From Monaco to Manchester, Bernardo conquers all before him

The night of Tuesday 21st February 2017 might reasonably be bookmarked as the occasion Manchester City fans first became aware of what the future might hold for them.

It was the Etihad first leg of the Champions League round of 16 match with Monaco, the surprise package of that season’s edition. On an indescribably unstable night, Monaco led twice at 2-1 and 3-2, before succumbing 5-3 to a City side powered forward by a combination of Sergio Aguero’s unstoppable attacking prowess and the crowd’s semi-delirious fervour. 

L’Equipe led with a front page decorated with all the goal action and a single large 8 in the middle, under the headline “Le Grand 8”.

It had been a night of extravagant skills and outrageous goals. Monaco had even managed to miss a penalty in amongst the carnage.
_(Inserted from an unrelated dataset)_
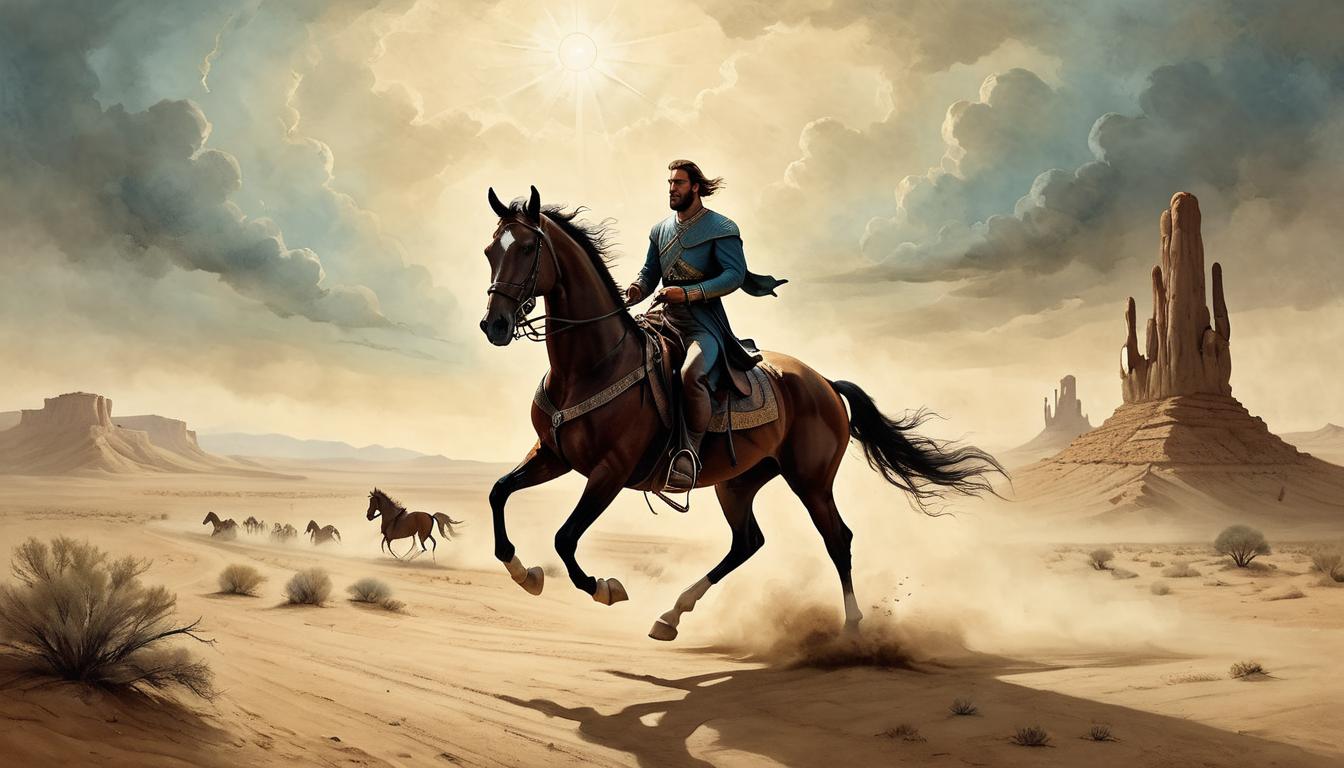  on parchment, surrealism+++, A dramatic scene on a dusty road, startled rider falling from horse, bright divine light, ethereal. Rider's expression of shock, desert landscape, transformative moment(mysterious, provocative, symbolic,muted color)+++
A young Kylian Mbappe had scored and an ageing Radamel Falcao spent long periods of a frenetic match reminding all that his barren spells at Stamford Bridge and Old Trafford had not been the real him at all with a breathless display of his own up front. But, there was something else going on at the heart of the action that would pave the way to the eventual dawn of another emerging hero in sky blue. 

Uncontrollable

Ironically on this occasion, however, the man in question was wearing the unmistakeable red and white halves of the visitors. Tucked in on the right of midfield, sometimes hugging the flank, often veering inside to cause havoc in the central areas, but always carrying the trouble with him, Bernardo Silva orchestrated all that was dangerous in Monaco’s stunningly fluid attacking game. For a time in the first half the wiry little Benfica youth product seemed utterly unplayable, weaving in and out at will and finding his team mates with laser precision. He was a constant, ever-present nuisance that Guardiola’s thoroughbreds just could not get to grips with.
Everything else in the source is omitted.